:: Problem ::
Below are the records to retype. Keep every character exactly and leave out the pictures.

:: Brief descriptive captions ::
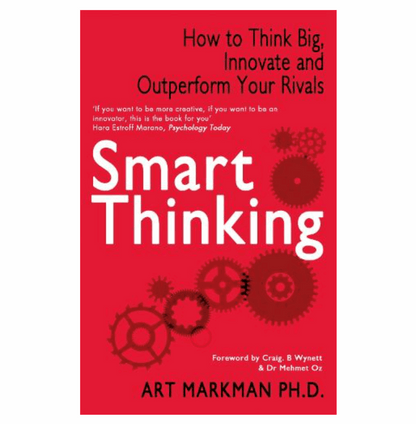 Smart Thinking: How to Think Big, Innovate and Outperform Your Rivals (Paperback) by Art Markman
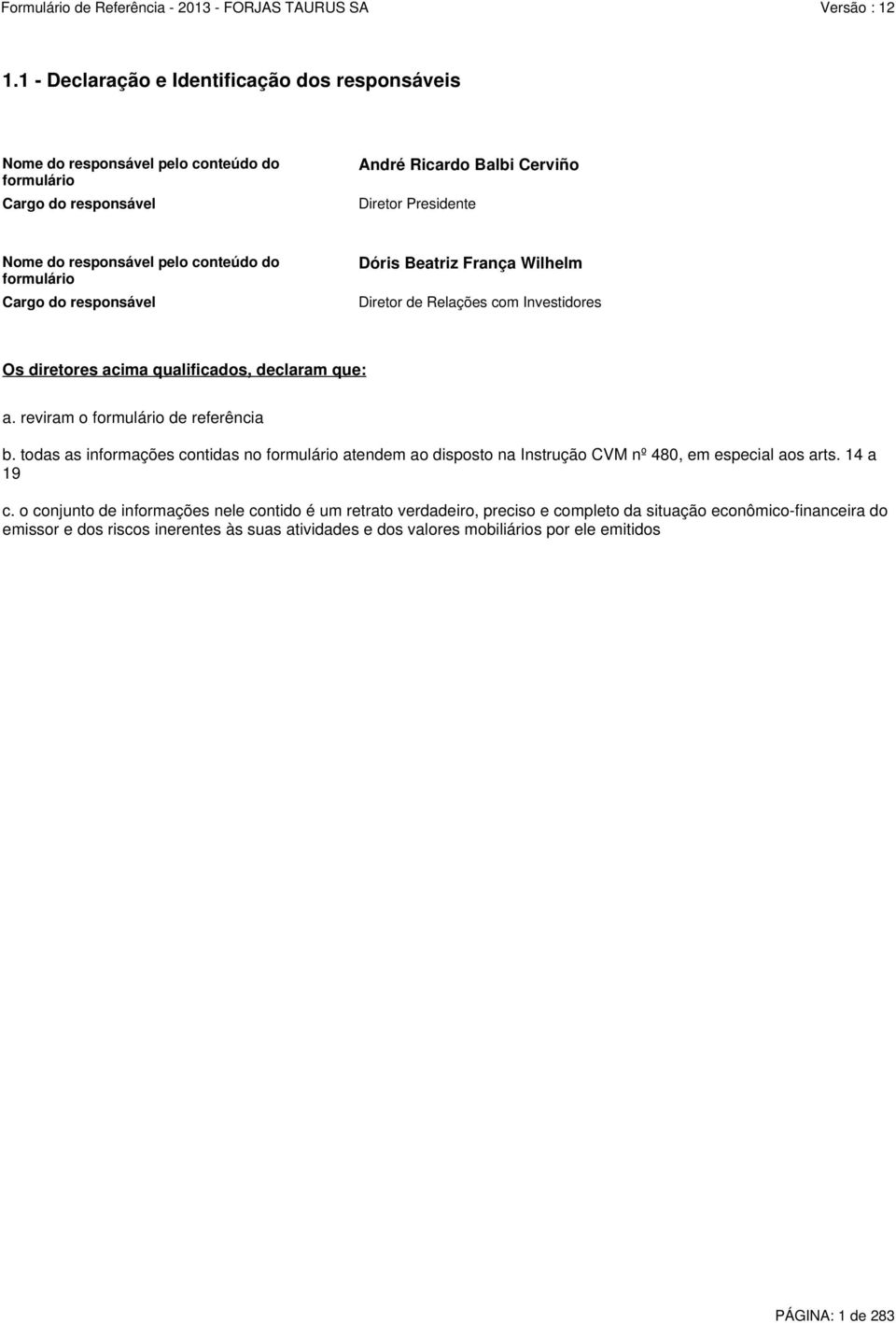 reviram o formulário de referência b. todas as informações contidas no formulário atendem ao disposto na Instrução CVM nº 480, em especial aos arts. 14 a 19 c.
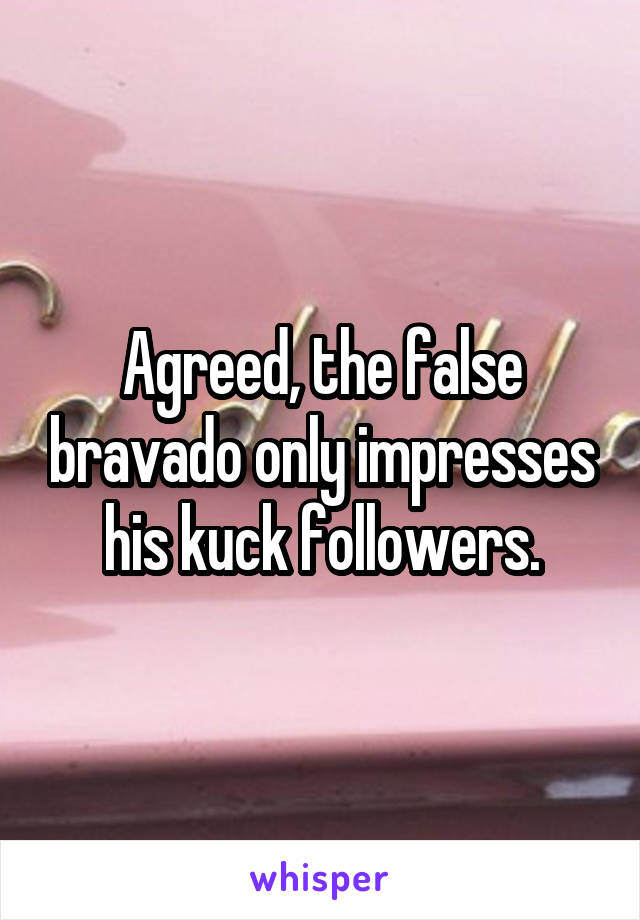 Agreed, the false bravado only impresses his kuck followers.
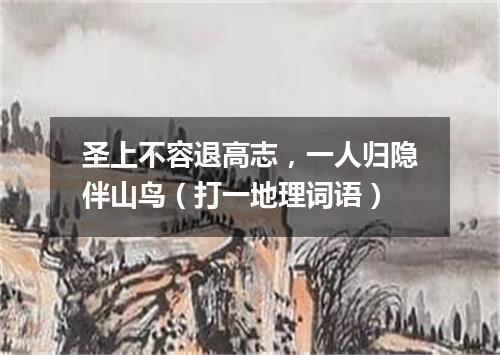 圣上不容退高志，一人归隐伴山鸟（打一地理词语）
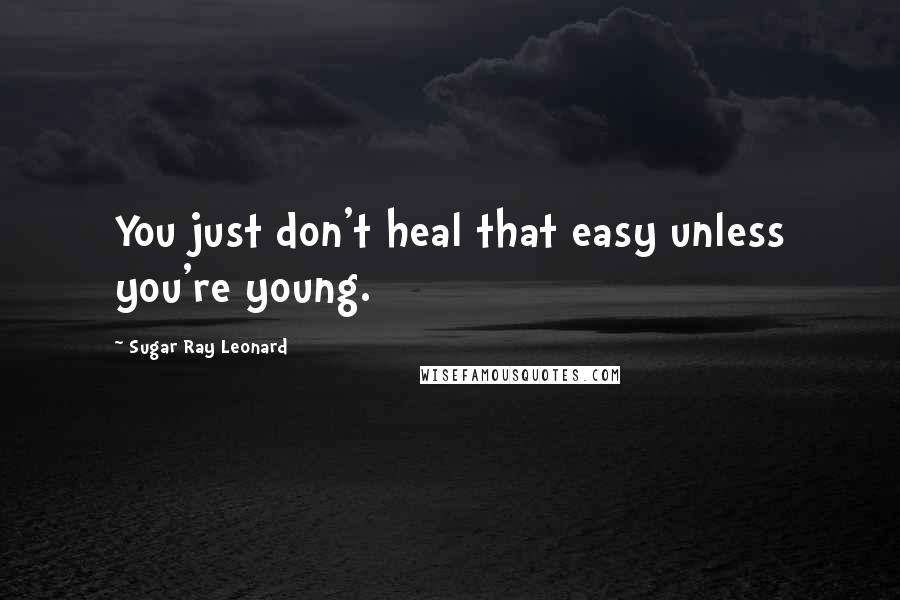 Sugar Ray Leonard Quotes: You just don't heal that easy unless you're young.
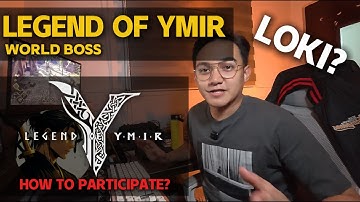 LEGEND OF YMIR - HOW TO ATTEND WORLD BOSS? SCHEDULE AND TIPS! (TAGALOG)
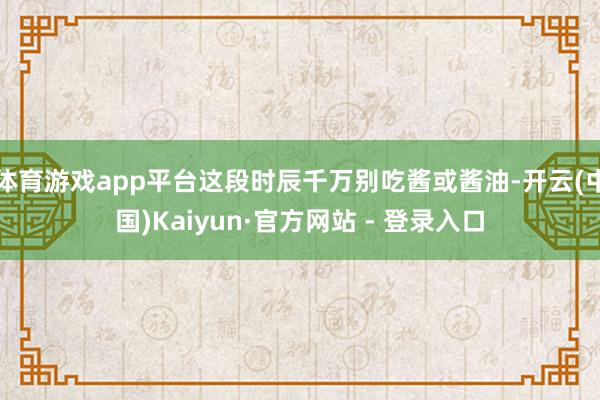 体育游戏app平台这段时辰千万别吃酱或酱油-开云(中国)Kaiyun·官方网站 - 登录入口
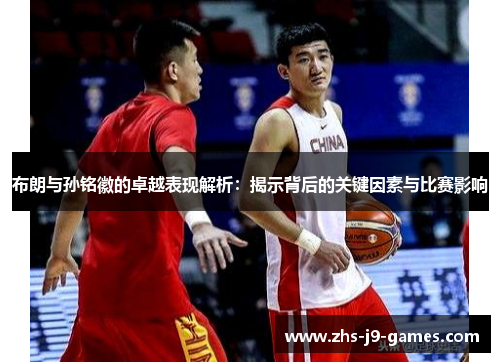 布朗与孙铭徽的卓越表现解析：揭示背后的关键因素与比赛影响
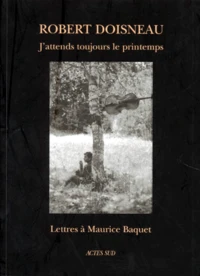 J'Attends Toujours Le Printemps. Lettres A Maurice Baquet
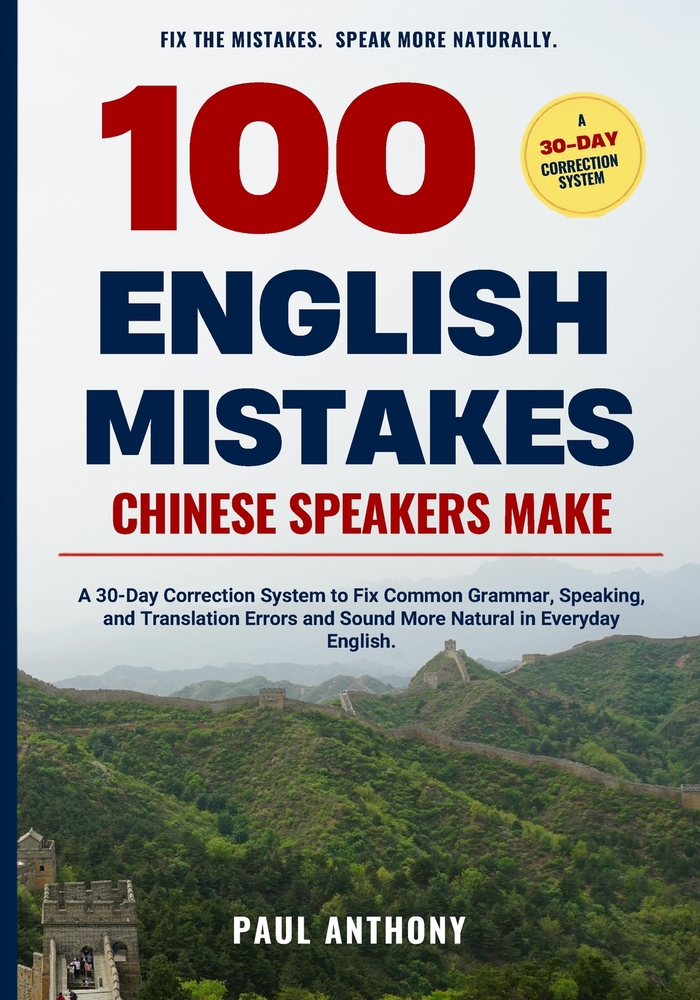 100 English Mistakes Chinese Speakers Make: A 30-Day Correction System to Fix Common Grammar, Speaking, and Translation Errors and Sound More Natural cover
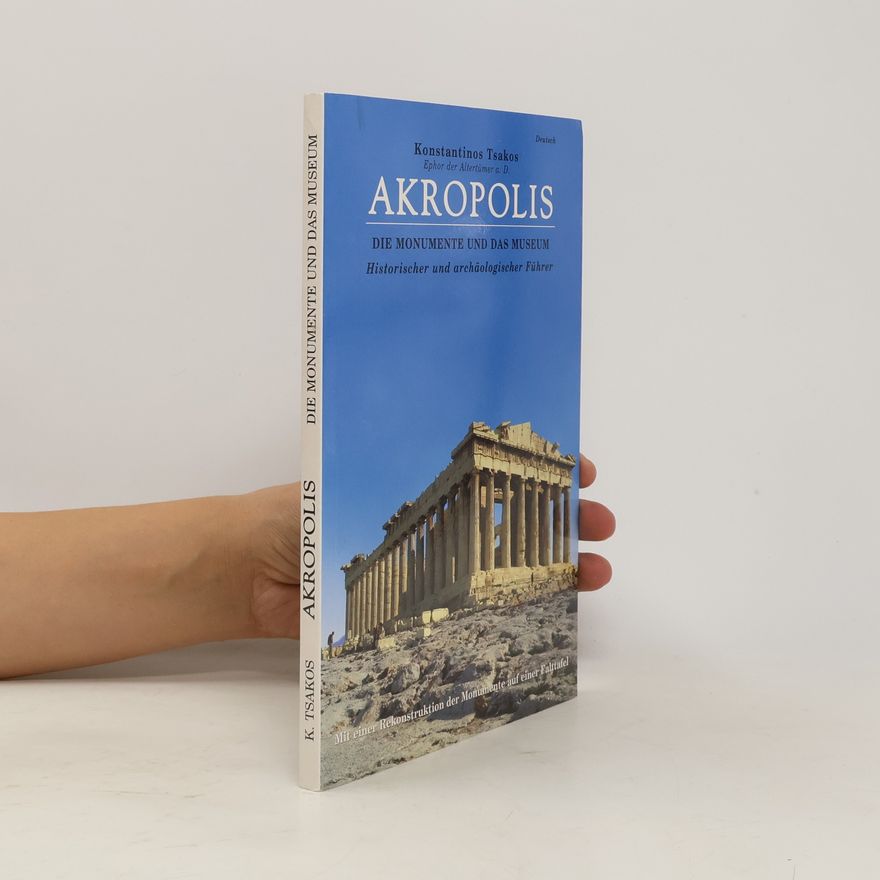 Konstantinos Tsakos Akropolis die Monumente und das Museum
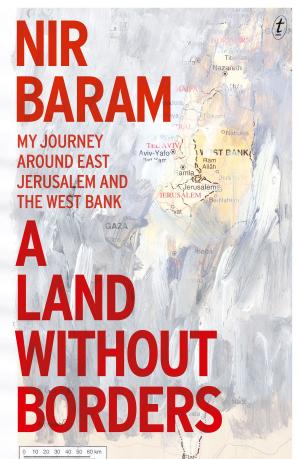 Cover of the book A Land Without Borders by Libby Angel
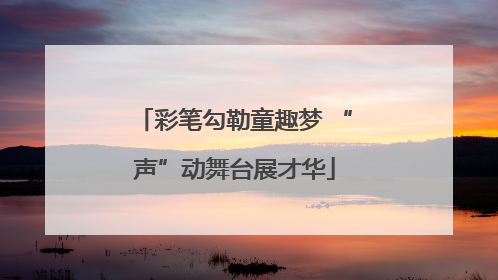 彩笔勾勒童趣梦 “声”动舞台展才华
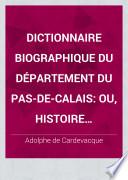 Dictionnaire biographique du département du Pas-de-Calais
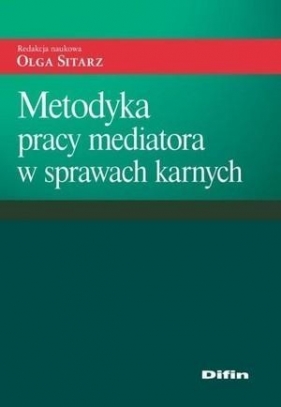 Metodyka pracy mediatora w sprawach karnych - <br />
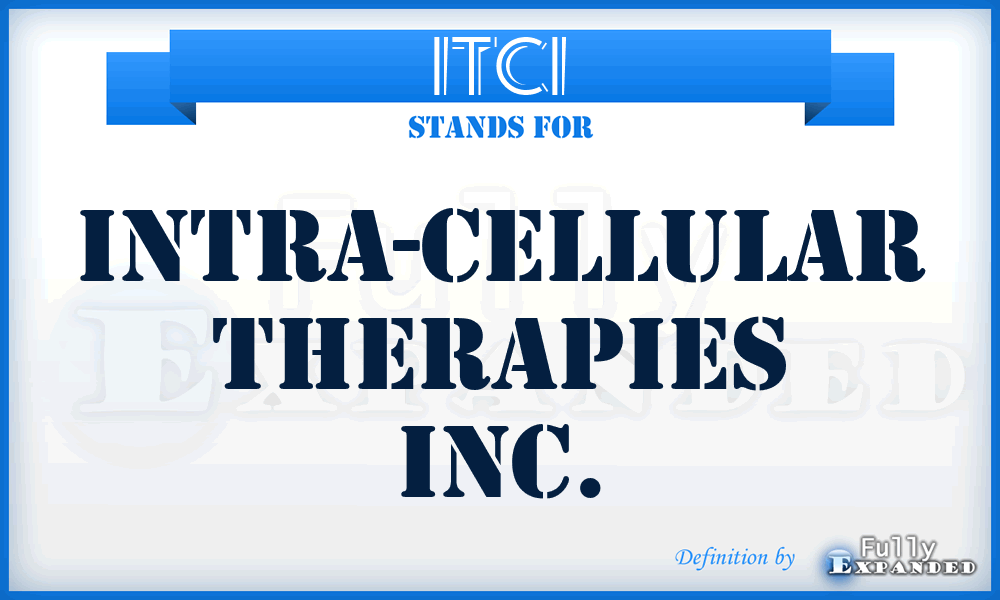 ITCI - Intra-Cellular Therapies Inc.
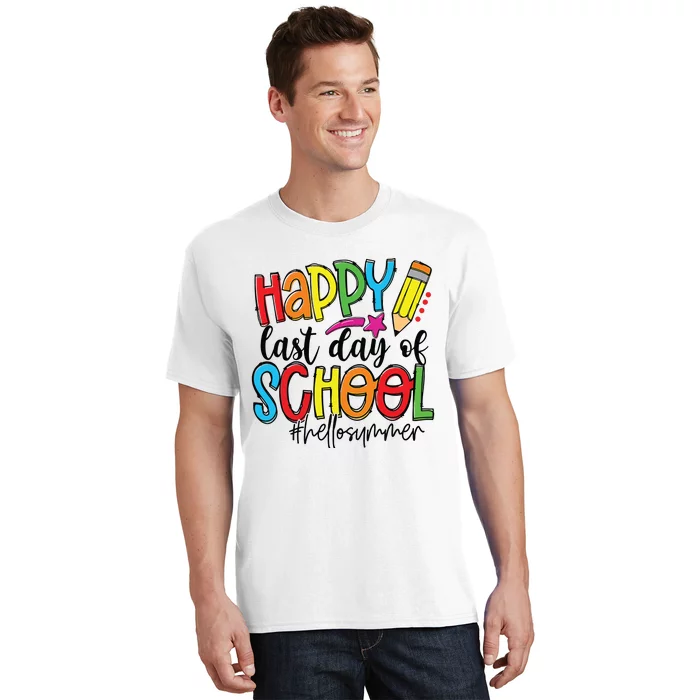 Happy Last Day Of School Teacher Student Graduation Gifts T-Shirt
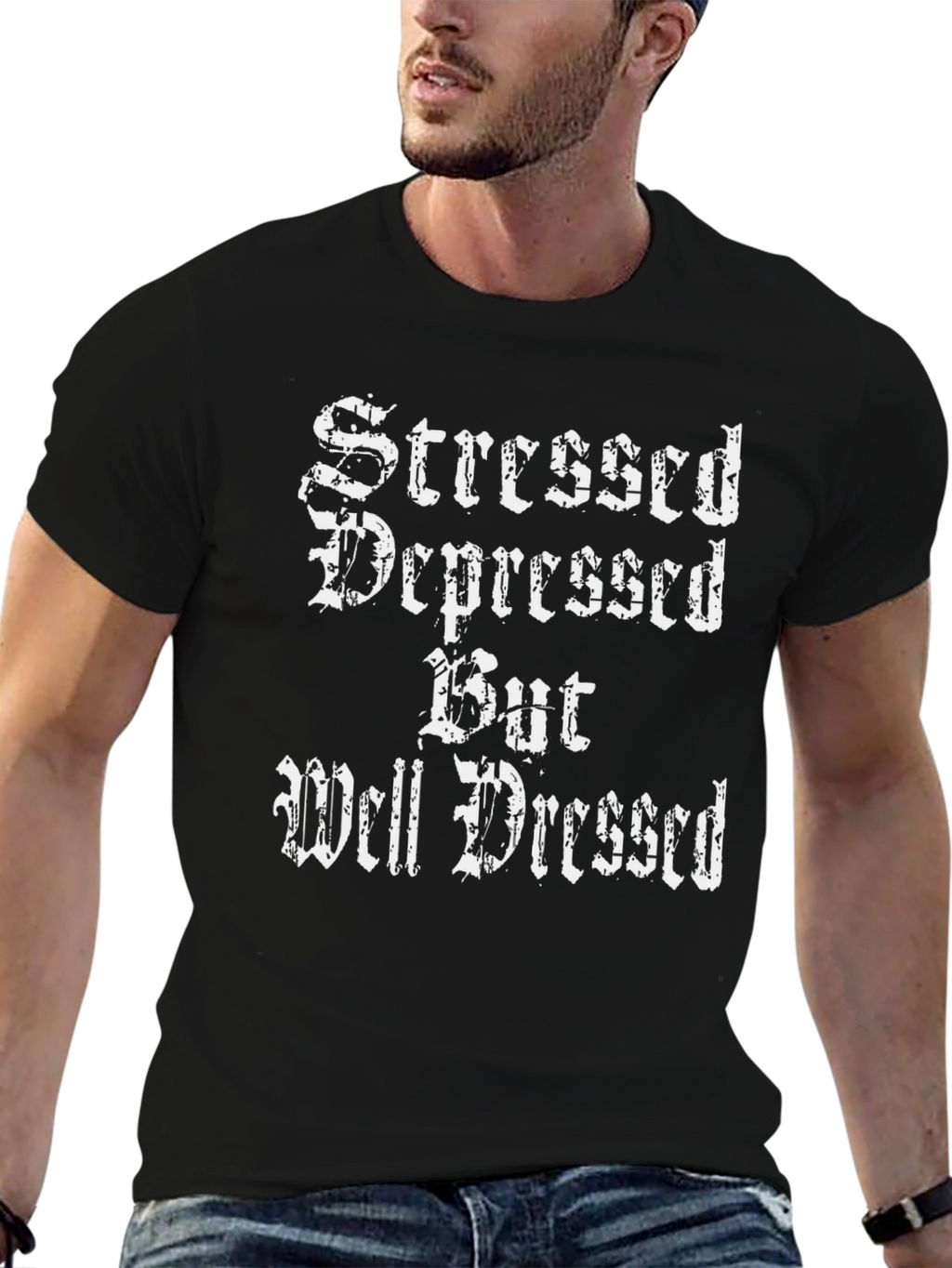 Stressed Depressed But Well Dressed Black T-Shirt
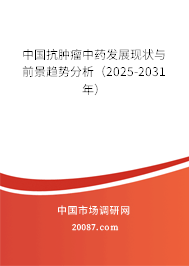 中国抗肿瘤中药发展现状与前景趋势分析(2025-2031年) 中国抗肿瘤中药发展现状与前景趋势分析(2025-2031年)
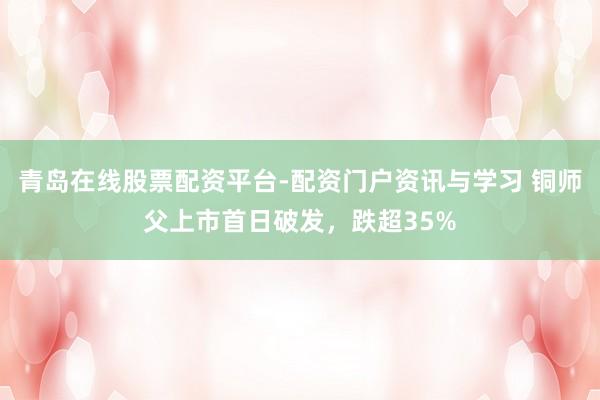 青岛在线股票配资平台-配资门户资讯与学习 铜师父上市首日破发，跌超35%
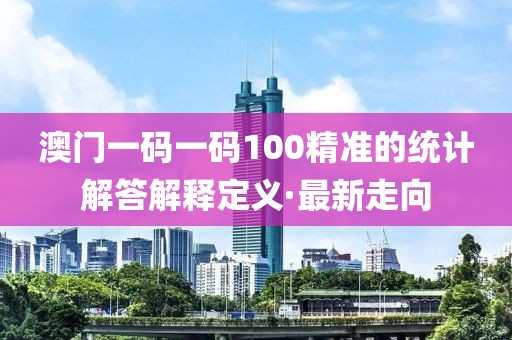 澳門一碼一碼100精準(zhǔn)的統(tǒng)計(jì)解答解釋定義·最新走向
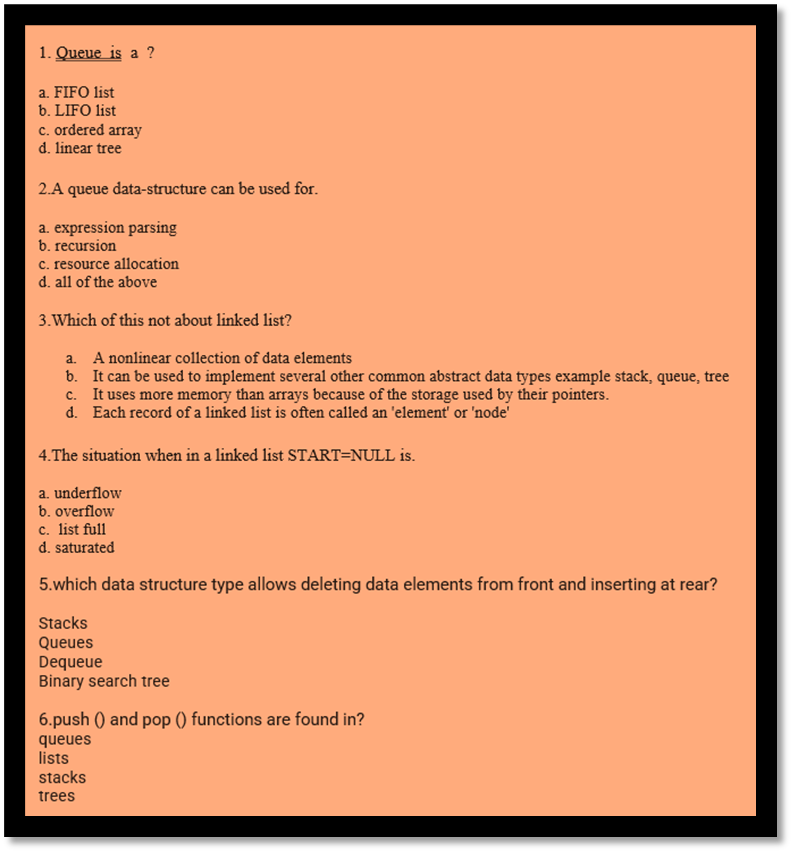asd 1. Queue is a ? a. FIFO list b. LIFO list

:: Output of the exercise ::
 Smart Thinking: How to Think Big, Innovate and Outperform Your Rivals (Paperback) by Art Markman
 reviram o formulário de referência b. todas as informações contidas no formulário atendem ao disposto na Instrução CVM nº 480, em especial aos arts. 14 a 19 c.
 Agreed, the false bravado only impresses his kuck followers.
 圣上不容退高志，一人归隐伴山鸟（打一地理词语）
 Sugar Ray Leonard Quotes: You just don't heal that easy unless you're young.
 LEGEND OF YMIR - HOW TO ATTEND WORLD BOSS? SCHEDULE AND TIPS! (TAGALOG)
 体育游戏app平台这段时辰千万别吃酱或酱油-开云(中国)Kaiyun·官方网站 - 登录入口
 布朗与孙铭徽的卓越表现解析：揭示背后的关键因素与比赛影响
 J'Attends Toujours Le Printemps. Lettres A Maurice Baquet
 100 English Mistakes Chinese Speakers Make: A 30-Day Correction System to Fix Common Grammar, Speaking, and Translation Errors and Sound More Natural cover
 Konstantinos Tsakos Akropolis die Monumente und das Museum
 Cover of the book A Land Without Borders by Libby Angel
 彩笔勾勒童趣梦 “声”动舞台展才华
 Dictionnaire biographique du département du Pas-de-Calais
 Metodyka pracy mediatora w sprawach karnych - <br />
 ITCI - Intra-Cellular Therapies Inc.
 Happy Last Day Of School Teacher Student Graduation Gifts T-Shirt
 Stressed Depressed But Well Dressed Black T-Shirt
 中国抗肿瘤中药发展现状与前景趋势分析(2025-2031年) 中国抗肿瘤中药发展现状与前景趋势分析(2025-2031年)
 青岛在线股票配资平台-配资门户资讯与学习 铜师父上市首日破发，跌超35%
 澳門一碼一碼100精準(zhǔn)的統(tǒng)計(jì)解答解釋定義·最新走向
asd 1. Queue is a ? a. FIFO list b. LIFO list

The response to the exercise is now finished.